Eight months after unveiling Tegra K1’s 32-bit version, Nvidia is providing further architectural details of the chip’s 64-bit version at HOT CHIPS, a technical conference on high-performance chips.
This new version of Tegra K1 pairs our 192-core Kepler architecture-based GPU with Nvidia's own custom-designed, 64-bit, dual-core "Project Denver" CPU, which is fully ARMv8 architecture compatible. Further, Denver is fully pin compatible with the 32-bit Tegra K1.
The 64-bit Tegra K1 is the world’s first 64-bit ARM processor for Android, and according to Nvidia, the new chip completely outpaces other ARM-based mobile processors.
Each of the two Denver cores implements a 7-way superscalar microarchitecture (up to 7 concurrent micro-ops can be executed per clock), and includes a 128KB 4-way L1 instruction cache, a 64KB 4-way L1 data cache, and a 2MB 16-way L2 cache, which services both cores.
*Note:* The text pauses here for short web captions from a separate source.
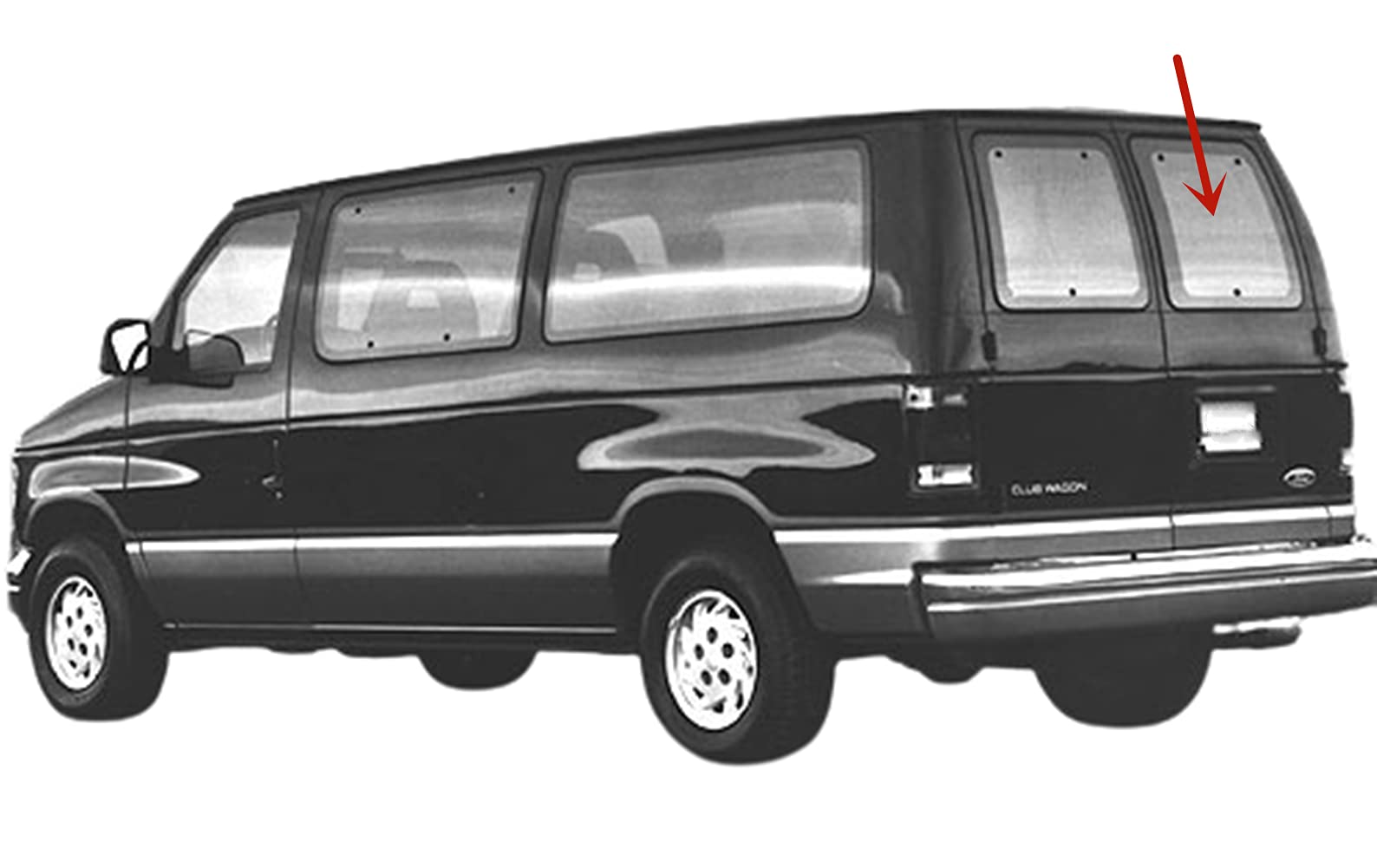 Ford Econoline 1992-1995 Privacy Movable Back Window Glass - Passenger Right Side Replacement Part | Van Rear Window Upgrade for Privacy & Security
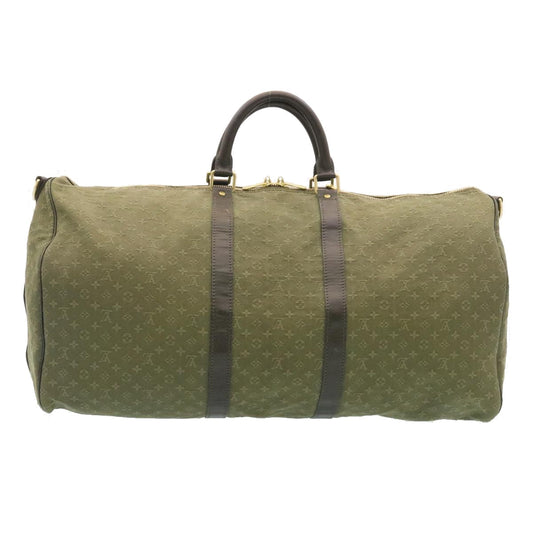 LOUIS VUITTON Monogram Mini Keepall Bandouliere55 Boston Bag Khaki Auth 29090A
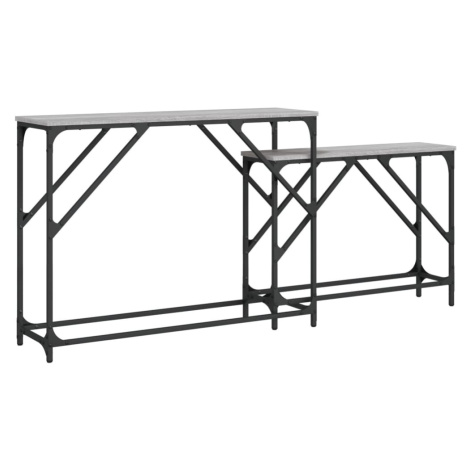 vidaXL Hnízdové konzolové stolky 2 ks šedé sonoma kompozitní dřevo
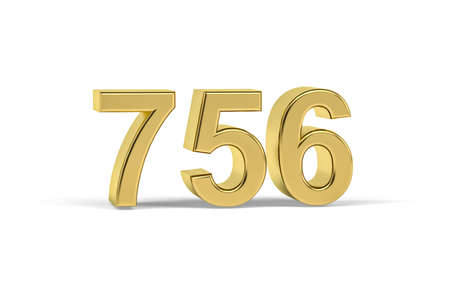 Golden 3d number 756 - Year 756 isolated on white background - 3d renderの写真素材
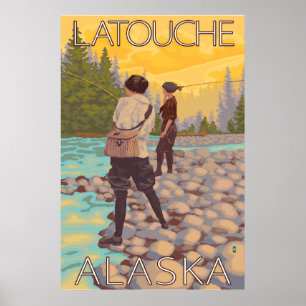 Frauen fliegen Fischen - Latouche, Alaska Poster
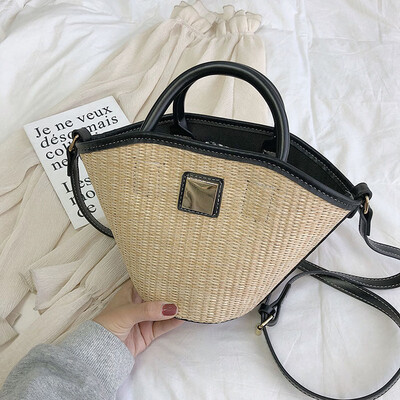 

Tailored Womens Fashion Retro Woven Shoulder Bag Solid Color Handbag Woven Bag Beach Bag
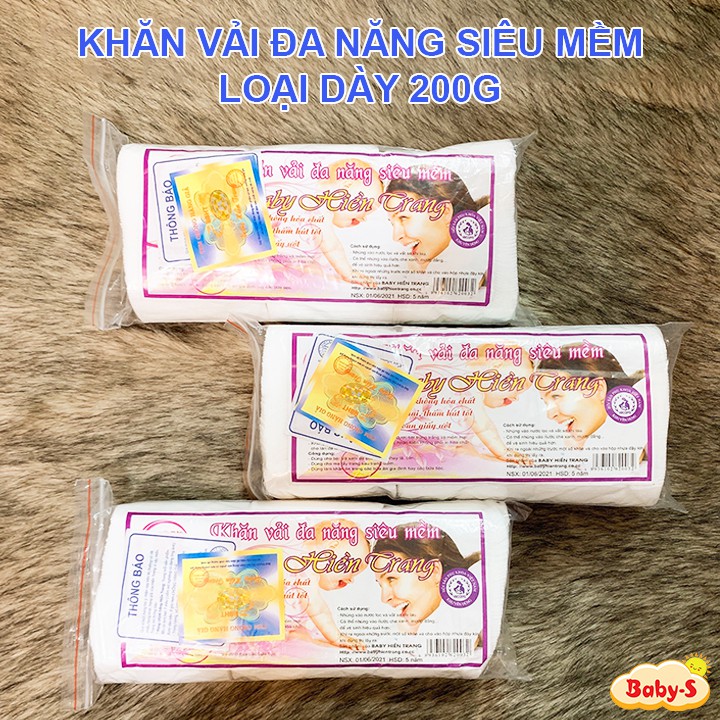 Khăn vải khô đa năng, Khăn khô đa năng Hiền Trang siêu mềm loại dày 190g cực kỳ tiện lợi cho mẹ và bé Baby-S – SKH006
Denver implements a process called Dynamic Code Optimization, which optimizes frequently used software routines at runtime into dense tuned microcode-equivalent routines. These are stored in a dedicated, 128MB main-memory-based optimization cache. After being read into the instruction cache, the optimized micro-ops are executed, re-fetched and executed from the instruction cache as long as needed and capacity allows.
Effectively, this reduces the need to re-optimize the software routines. Instead of using hardware to extract the instruction-level parallelism (ILP) inherent in the code, Denver extracts the ILP once via software techniques, and then executes those routines repeatedly, thus amortizing the cost of ILP extraction over the many execution instances.
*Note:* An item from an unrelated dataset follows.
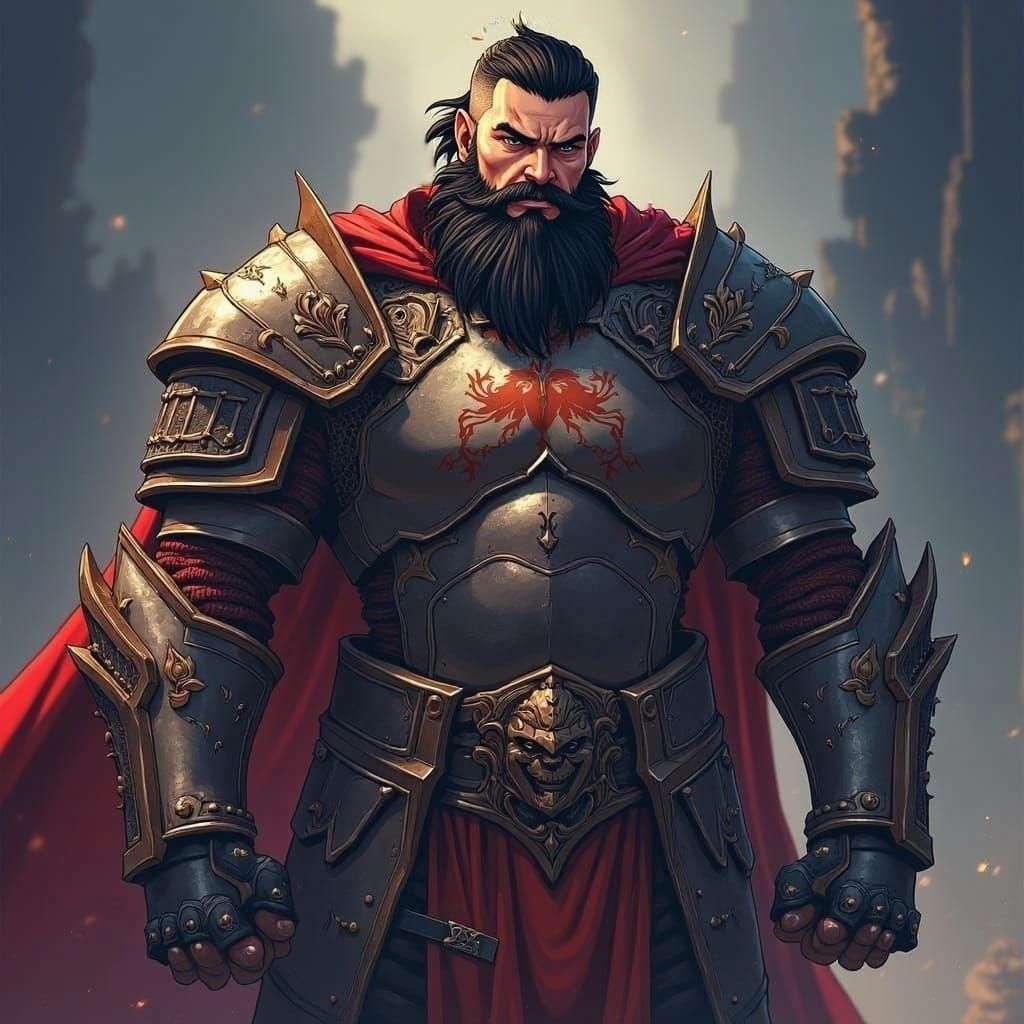 Russian hefty strong man with a beard, Fantasy, Knight Armor, no helmet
As part of the Dynamic Code Optimization process, Denver looks across a window of hundreds of instructions and unrolls loops, renames registers, removes unused instructions, and reorders the code in various ways for optimal speed. This effectively doubles the performance of the base-level hardware through the conversion of ARM code to highly optimized microcode routines and increases the execution energy efficiency.
The slight overhead of the dynamic optimization process is outweighed by the performance gains of already having optimized code ready to execute. In cases where code may not be frequently reused, Denver can process those ARM instructions directly without going through the dynamic optimization process.
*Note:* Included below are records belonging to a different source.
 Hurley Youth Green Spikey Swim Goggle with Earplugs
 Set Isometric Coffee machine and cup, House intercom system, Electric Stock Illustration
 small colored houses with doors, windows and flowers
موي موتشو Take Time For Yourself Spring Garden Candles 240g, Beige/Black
Dynamic Code Optimization works with all standard ARM-based applications, requiring no customization from developers, and without added power consumption versus other ARM mobile processors. That’s because the 7-wide superscalar design allows faster throughput than would otherwise be possible at the same clock speed.
Denver’s design delivers performance for both single- and multi-threaded applications, as well as multitasking scenarios. Nvidia says that the dual-CPU cores can attain higher performance than existing four- to eight-core mobile CPUs on most mobile workloads.
Denver also features new low latency power-state transitions, in addition to extensive power-gating and dynamic voltage and clock scaling based on workloads. "Combining Dynamic Code Optimization, 7-way superscalar design and efficient power usage, Denver’s performance will rival some mainstream PC-class CPUs at significantly reduced power consumption," Nvdia claims.